Lood looms large for battling Boks
Lood de Jager’s presence is a MUST if the Springboks having any chance of upstaging the All Blacks in Townsville, writes Mark Keohane.
The All Blacks have been outstanding in their last four Test matches, twice against Australia and twice against Argentina. They are buzzing and playing brilliant rugby. Their best starting XV is also refreshed, with several players having been rested for last Saturday’s 36-13 win against the Pumas.
The All Blacks also woke to a new world ranking of No 1, whereas the 2019 World Cup winners and victors of the recent British & Irish Lions series, the Springboks, woke to being demoted to No 2 after two successive defeats against Australia, who have jumped from seventh to third in the rankings.
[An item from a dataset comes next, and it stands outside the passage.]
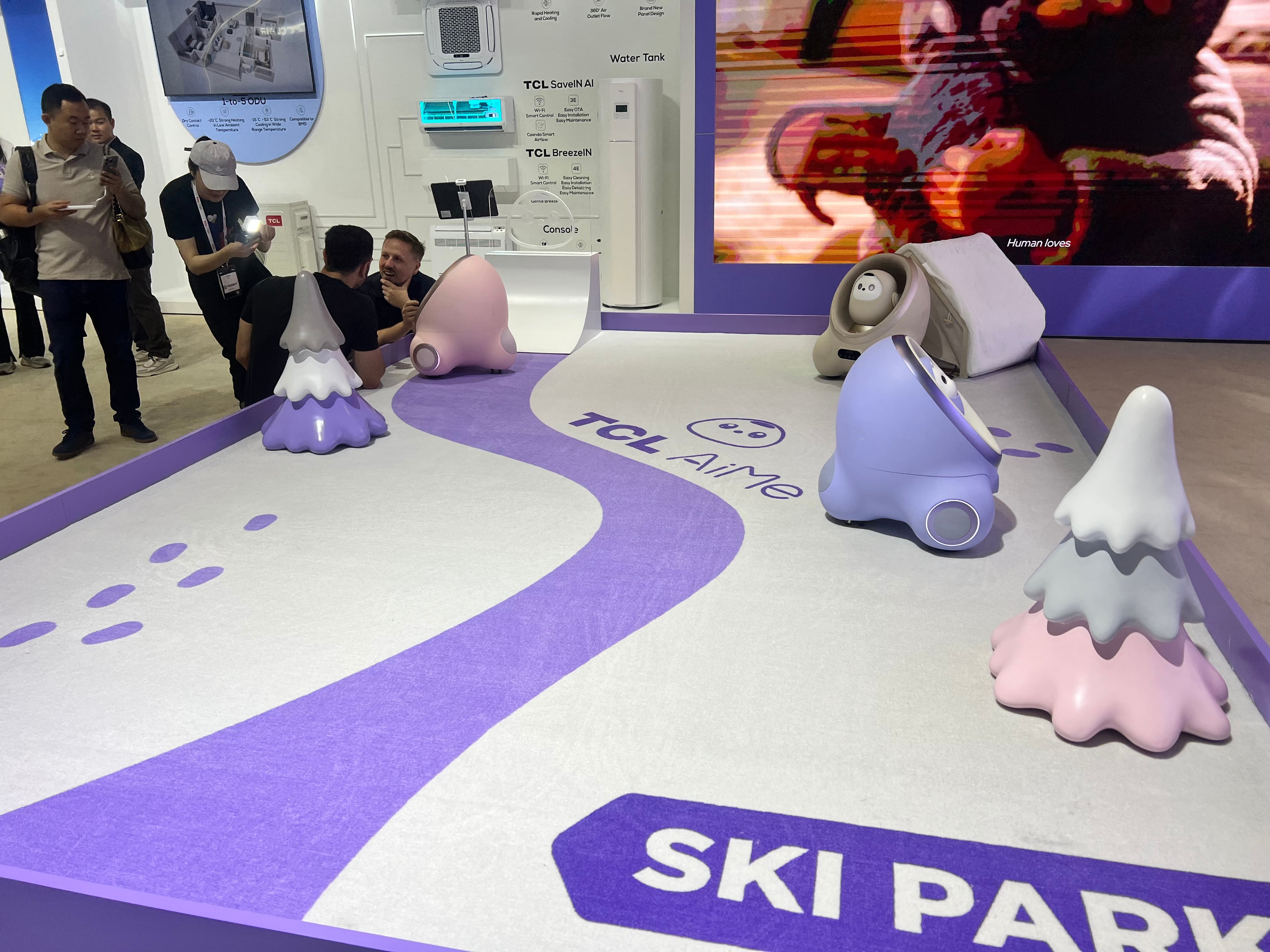 TCL이 IFA 2025에서 공개한 아이 돌봄 AI 반려 로봇 에이미(AiME)./베를린=황민규 기자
The All Blacks are in a good place and the Boks mentally look shot after the Lions series.
De Jager, as he showed in the Lions series is the key to a functioning Springboks lineout and without De Jager in the 30-17 defeat against the Wallabies, the Bok lineout was impotent. The Wallabies defended the lineout drive well, but there was not the same confidence in the Bok lineout as there is when De Jager is making the calls.
De Jager transformed the Boks lineout when introduced midway through the Lions series and the Bok coach Jacques Nienaber and National Director of Rugby Rassie Erasmus will be hoping for a repeat of De Jager’s heroics in Cape Town against the Lions.
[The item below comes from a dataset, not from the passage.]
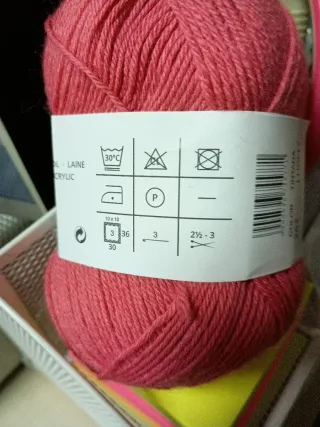 Lana Sweet Baby de Rosas Crafts.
The All Blacks slow to start under Ian Foster and John Plumtree in 2020 have gone to another level in 2021 and the Boks, brave and brutal in the taming the Lions, have slumped in Australia. The Boks just look out of puff.
A team, whose players conceded just 16 tries in 16 Test and kept an opposing backline player away from the tryline for 1032 minutes over 13 Tests between George Bridge’s try in the 2019 World Cup opener and Wallabies wing Andrew Kellaway’s try in the first Test against the Wallabies, has missed 40 tackles in the past two Tests and conceded four tries for the first time in a Test since 2018.
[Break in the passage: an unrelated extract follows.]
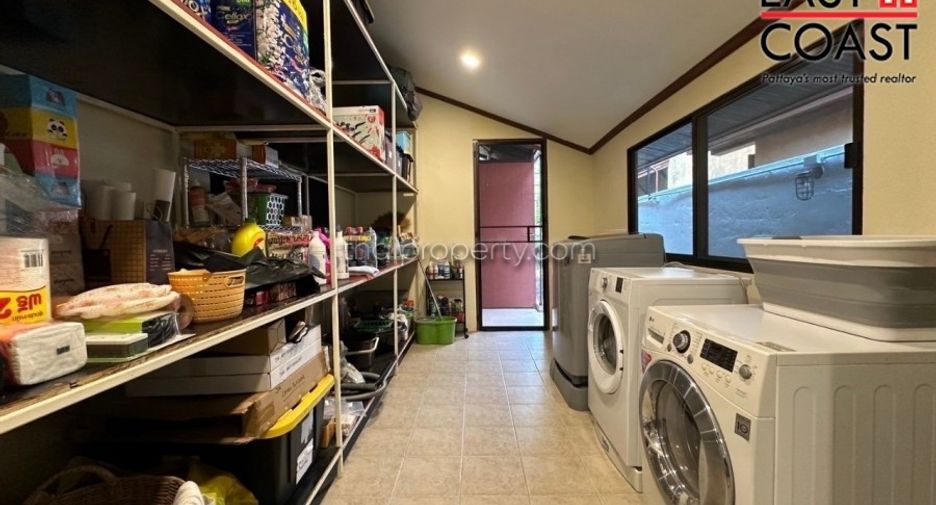 For sale 5 bed house in Bang Lamung, Chonburi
The Boks, very effective but much maligned, defensive system is not broken, but those players who have to implement the system appear mentally and physically broken.
Every ounce of mental and physical effort went into beating the Lions because the players would have to live with defeat for the rest of their lives. The Lions only tour once in 12 years and very few get a second crack at the Lions; South Africa’s Morne Steyn being the exception to the rule.
This year for the Springboks was all about winning the Lions series and the mentally drained squad that has arrived in Australia look like impersonators of those giants who won the World Cup and beat the Lions.
The All Blacks are on fire. If you love rugby, you simply have to have loved watching the All Blacks in 2021.
If you know rugby, you can’t but applaud the way they have played and what they have achieved in 2021.
The Boks, to even have a sniff at upsetting a confident and in-form All Blacks, have to get it right in the forwards and defensively in the one-on-one tackles.
Any Bok success against the All Blacks would be a case of winning ugly and at this juncture all of South Africa would take a win, no matter how it is fashioned.
A month ago I had conviction that the Boks would win against the All Blacks, but that conviction is now just a hope, given how the Rugby Championships first four rounds have played out.
It may be one playing two on Saturday in Townsville, but on form there is a huge gap between the two.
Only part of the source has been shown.